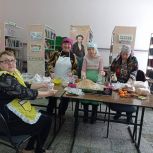 Серебряные волонтёры «Единой России» Новоселицкого округа готовят подарки бойцам к 23 февраля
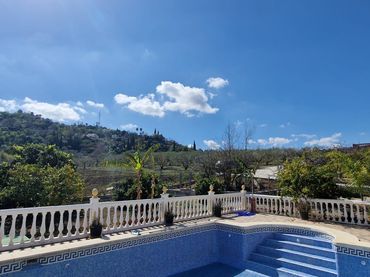 Country house with pool for sale in Coín
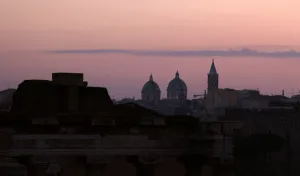 <b class=qtipBold><figcaption>ITALY-ROME-WEATHER-FEATURE</figcaption></b><br>The sun rises as the church tower of Santa Maria Maggiore (R) is seen in the historical centre of Rome on March 25, 2017. / AFP PHOTO / TIZIANA FABI<br><em>© Copyright Agence France-Presse (AFP) - All Rights Reserved</em> ITALY-ROME-WEATHER-FEATURE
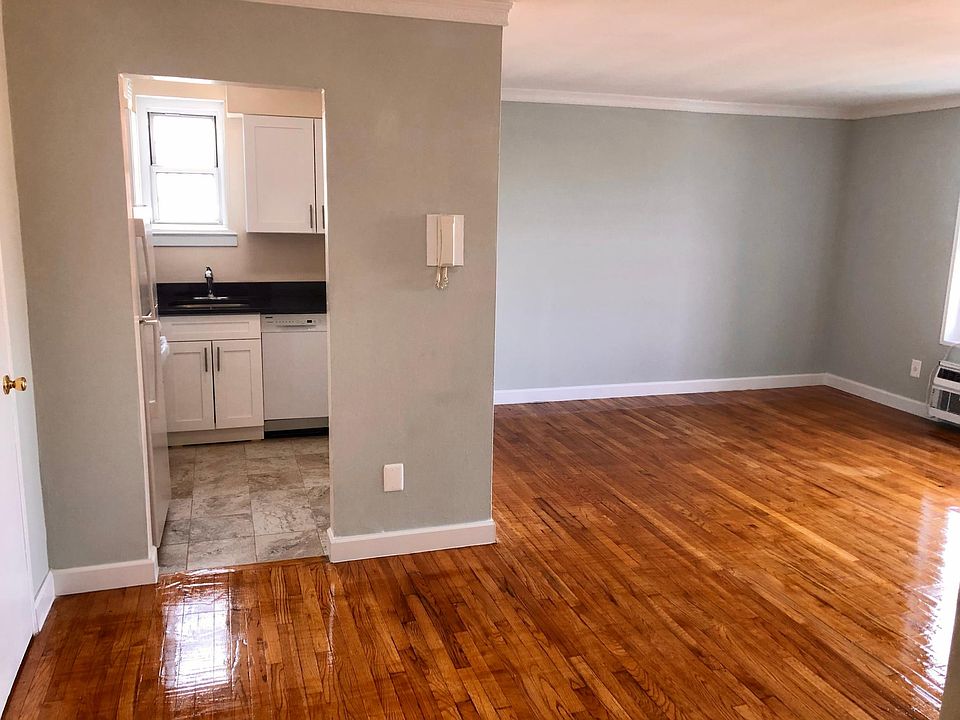 1st image of 3715 Parsons Blvd APT 5C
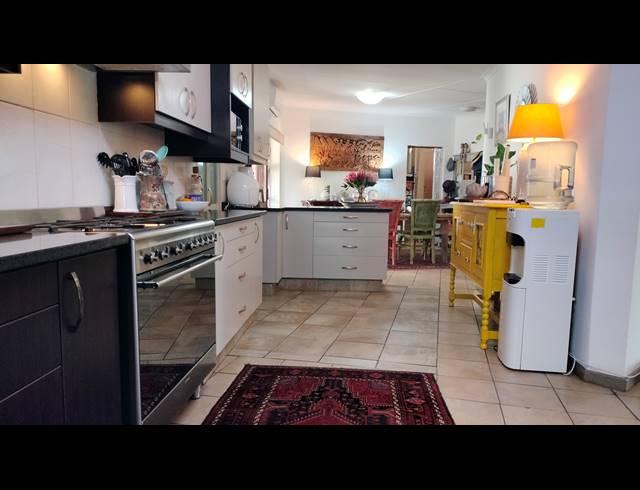 5 BEDROOM HOUSE FOR SALE IN FRAAIUITSIG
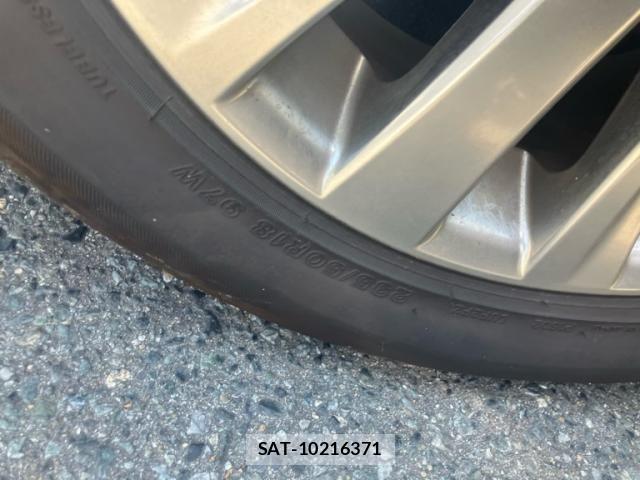 Toyota ALPHARD 2014-02 7214124-7
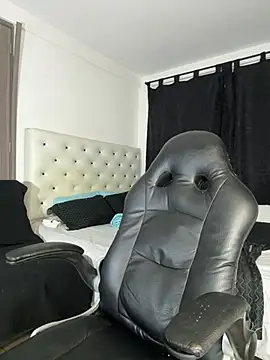 blackdrey18 লাইভ XXX চ্যাট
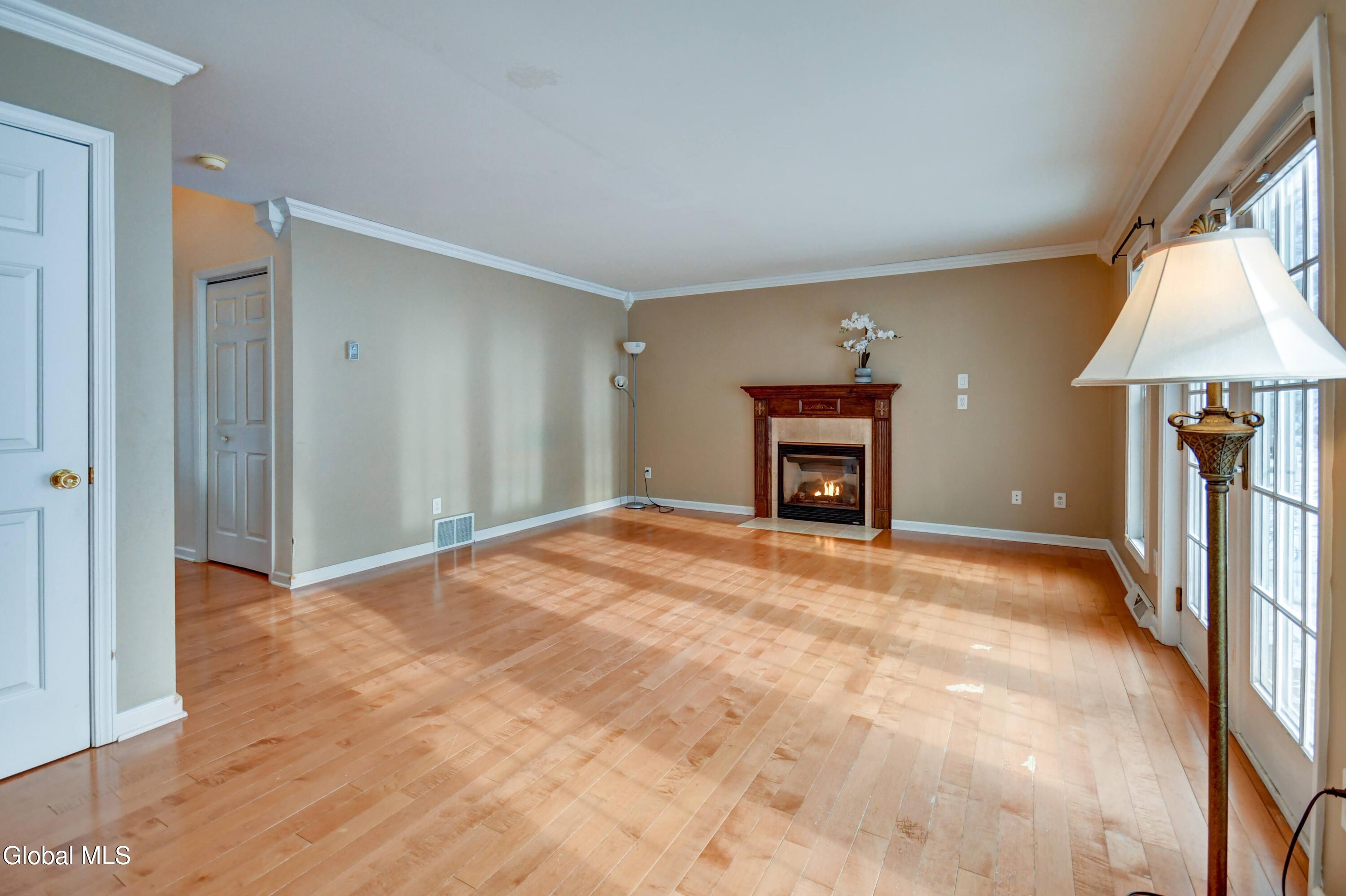19 Christopher Way Halfmoon, NY 12065 - Photo 9 of 48 19 Christopher Way -17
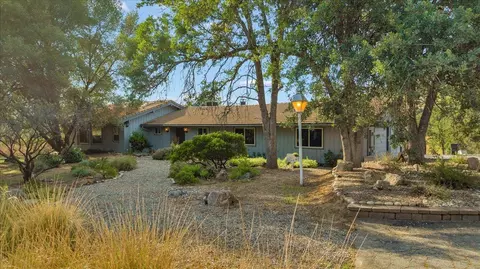 30946 Little Sandy Rd, Prather, CA 93651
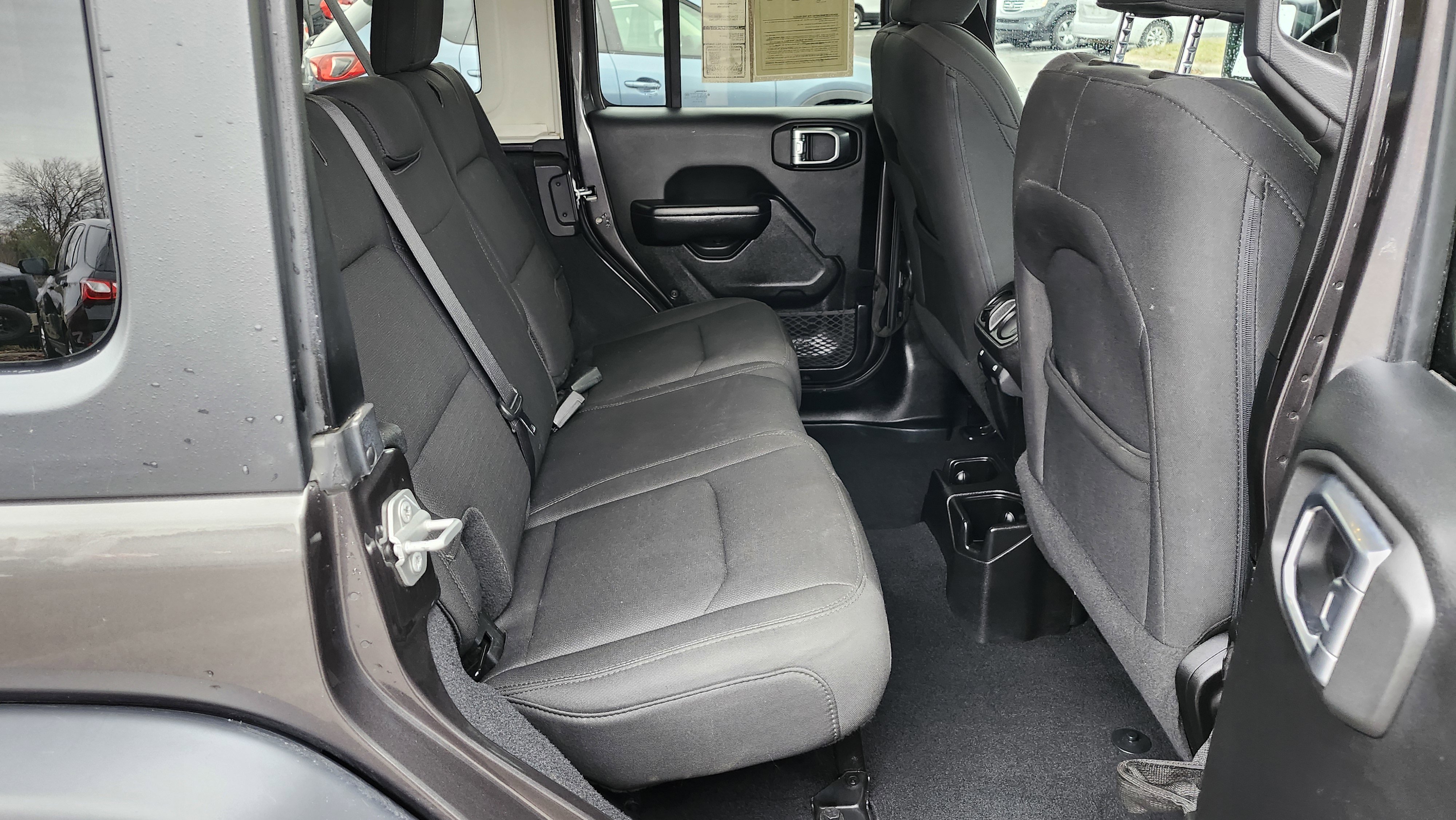 Used 2019 Jeep Wrangler Unlimited Sport S image 19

• _Problem requirements_
Would you restate word for word only the lines from the one containing "1st image of 3715 Parsons Blvd APT 5C" to the final line of the material, both ends included, without any pictures?

• _Response_
 1st image of 3715 Parsons Blvd APT 5C
 5 BEDROOM HOUSE FOR SALE IN FRAAIUITSIG
 Toyota ALPHARD 2014-02 7214124-7
 blackdrey18 লাইভ XXX চ্যাট
19 Christopher Way Halfmoon, NY 12065 - Photo 9 of 48 19 Christopher Way -17
 30946 Little Sandy Rd, Prather, CA 93651
 Used 2019 Jeep Wrangler Unlimited Sport S image 19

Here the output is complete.